--- START ---
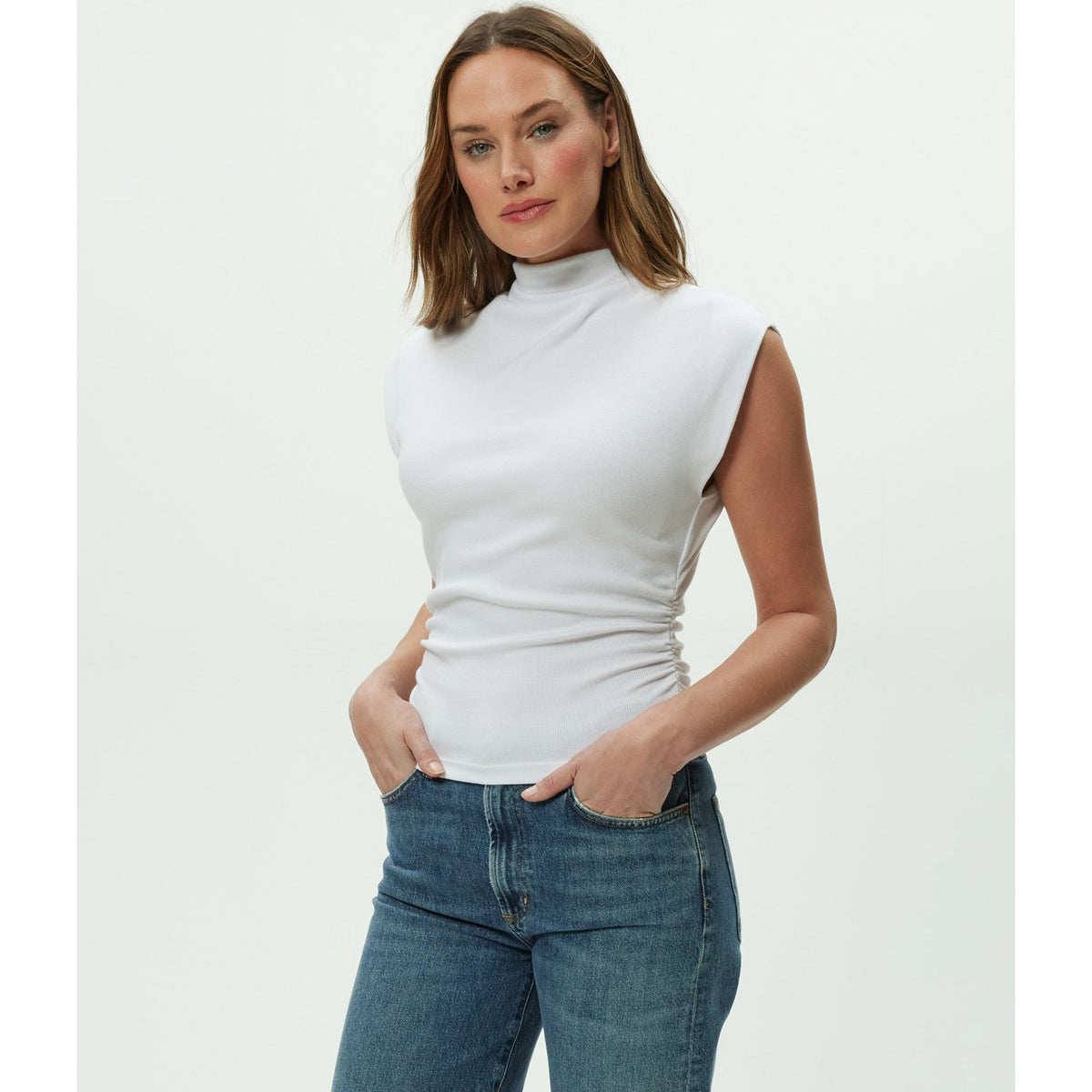 Michael Stars Womens Amara Mock Neck Powershoulder Top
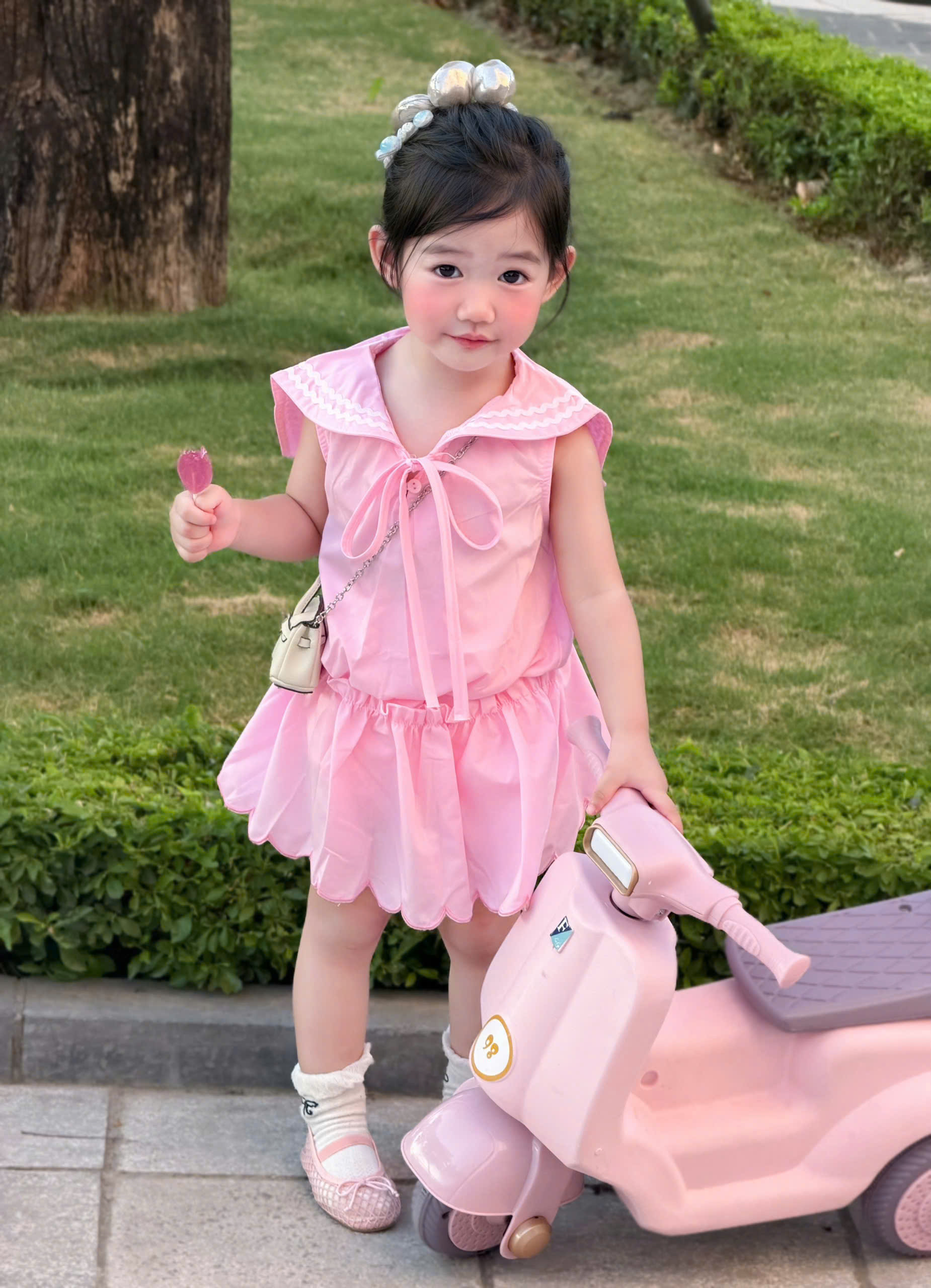 G035 - SET BÉ GÁI CỔ THỦY THỦ MIX CVAY HỒNG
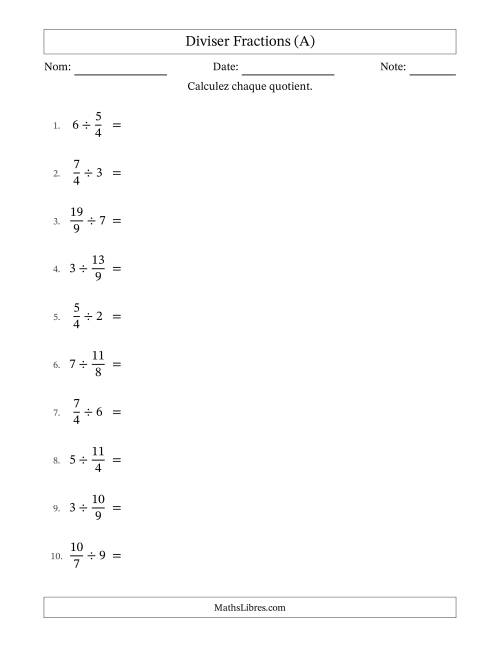 Diviser Improper Fractions con nombres éntiers, et sans simplification (A)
--- END ---
## Aim of the task
Leave the pictures aside. Set down exactly the lines from the one with "G035 - SET BÉ GÁI CỔ THỦY THỦ MIX CVAY HỒNG" through the final line of the listing above.

## Output for this task
 G035 - SET BÉ GÁI CỔ THỦY THỦ MIX CVAY HỒNG
 Diviser Improper Fractions con nombres éntiers, et sans simplification (A)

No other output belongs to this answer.